Thursday, October 28, 2021

"We Have A Deficit Of Wonder Right Now"


We tend to complain about children and their electronic devices, but from where I sit, it's the adults we should be worried about. 

It really wasn't that long ago that I had to be reminded to carry a quarter in my pocket in case I needed to use a public pay phone to call home. I rarely remembered my quarter and I even more rarely needed it. Yesterday, I had a moment of actual panic when I realized I'd left my smart phone at home when I went to the grocery store. What if there's an emergency? What if I miss an opportunity? I talked myself out of the silly overreaction of returning home to fetch my phone. Nevertheless, during the next half hour of shopping I re-discovered my phone "missing" at least three more times. Then when I got to the register, I had another brief panic as I reached for my phone to make payment via Apple Pay. It took me a moment to remember that I was still carrying my wallet in which I keep my debit card, something that I reckon is on the same path to irrelevance as pocket change.

When I got home, the first thing I did, even before putting away the groceries was to check my phone.

The preschoolers I teach are pre-literate, which means their brains have not yet been shaped by the process of compressing human verbal expression into a meager 26 crude symbols and a handful of punctuation marks. They are also, for the most part, pre-device, which doesn't mean they are device-illiterate, but that they don't find themselves impelled to thumb on their screen every few minutes.

Throughout the day, I check the weather, the sports scores, my messages. I take a look at news headlines, my social media accounts, my bank balance. I pay bills, shop, find my way, order takeout, and distract myself with games. I hardly consider myself a "power user." I'm just your average middle-aged person who appreciates being able to extend myself into the world in ways that would have struck the quarter-in-the-pocket era me as superhuman. Just as automobiles, corrective lenses, and hearing aids "enhance" us, our devices make us super-connected, super-efficient, and at least potentially super-informed.

If my pre-teen comic book reading taught me anything, however, it's that superpowers come at a cost.

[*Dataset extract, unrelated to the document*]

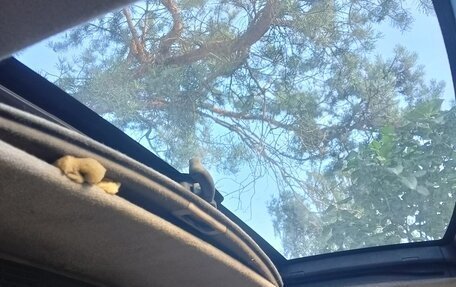 Toyota Estima III рестайлинг -2, 1995 год, 300 000 рублей, 5 фотография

In those old Marvel Comics the most common downside of superpowers was a feeling of alienation from the rest of the world. Some of these superheroes were even ostracized or feared. Many suffered under the burden of responsibility. Their human selves were in some way or other weakened or harmed by their powers. 

"Everything is explained now. We live in an age when you say casually to somebody, 'What's the story on that?' and they can run to the computer and tell you within five seconds. That's fine, but sometimes I'd just as soon continue wondering. We have a deficit of wonder right now." ~Tom Waits

As I observe young children at play, I see pre-device humans, people who don't need authoritative answers to everything, who are perfectly fine living in a state of wonder. This is part of the price we pay for becoming superhuman. Wonder has served humans for millennia. Not knowing. Not having everything explained. Mythologizing.

I've recently begun to actively reject my superpowers for an hour or two every day, leaving the house without devices, on foot. I find a place far from home where I can sit and watch the sky and make up stories about the clouds or the wind or the arc of the sun. I wonder about the trees and what they might be thinking about me. I wonder about the birds that land in the perceived safety of my stillness. I don't call it meditation. I call it wondering. I don't know if I'm doing any healing from the deficit of wonder that came with my superpowers, but it is at least a momentary salve and a reminder that the children possess something that I may have lost.